People who have insomnia may have been told that their sleeping troubles are "all in their head," but a new study shows that this condition is driven not only by psychological factors, but biological ones as well.
In the study, researchers in the Netherlands identified seven genes linked with insomnia, meaning there's a biological component to the sleep disorder.
"We hope that people will start to realize that insomnia is not 'all in the head' but a biological vulnerability," said study co-author Eus van Someren, a professor of sleep at the Netherlands Institute for Neuroscience. [7 Strange Facts About Insomnia]
But insomnia leads to more than groggy mornings; indeed, the impact of insomnia is underestimated, Van Someren told Live Science.
Previous research has shown, for example, that insomnia is a risk factor for depression and that the sleep disorder is linked to a higher risk of cardiovascular disease, diabetes and obesity, according to the study, published June 12 in the journal Nature Genetics (opens in new tab).
Insomnia seems to be one of the most common health complaints, the researchers said. Between 10 percent and 22 percent of all people are estimated to have the disorder, the researchers said. In the U.S., nearly 10 percent of adults have chronic insomnia, according to the Centers for Disease Control and Prevention.
Moreover, insomnia often runs in families, which suggests that it has a genetic basis, the researchers noted.

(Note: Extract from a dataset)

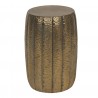 Bronzový dekorační kovový odkládací stolek Alicce -  Ø 33*50 cmBarva: bronzovo-zlatá s patinouMateriál: kovHmotnost: 2,28 kg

In the new study, the researchers analyzed the DNA of about 113,000 people whose average age was 57. In addition, everyone in the study was asked if they had trouble falling asleep at night, or if they woke up in the middle of the night. Those who responded to the question with "usually" were classified as having insomnia.

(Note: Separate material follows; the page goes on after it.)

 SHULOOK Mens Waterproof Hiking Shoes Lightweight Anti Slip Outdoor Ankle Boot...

The researchers found that seven genes were more common in people who had insomnia, meaning that these seven genes could indicate that a person has an increased risk for the sleep disorder. [Top 10 Spooky Sleep Disorders]
One of the genes that the researchers identified was linked to other sleep disorders in previous studies. One of these sleep disorders is a condition called periodic limb movement disorder, involves repetitive movements of the arms and legs during sleep, and the other is called restless legs syndrome, which is characterized by strange and often painful sensations in the legs and an irresistible urge to move them while resting.
The researchers also noted that there was some overlap between the genes linked to insomnia and the genes linked to other mental health conditions, such as anxiety, depression and neuroticism. "This is an interesting finding, because these characteristics tend to go hand in hand with insomnia," study co-author Anke Hammerschlag, a doctoral student of functional genomics at Vrije Universiteit Amsterdam, said in a statement. "We now know that this is partly due to the shared genetic basis."
Scientists hope the findings will pave the way to a better understanding of insomnia's neural mechanisms and lead to new ways of treating the disorder, Van Someren said in a statement.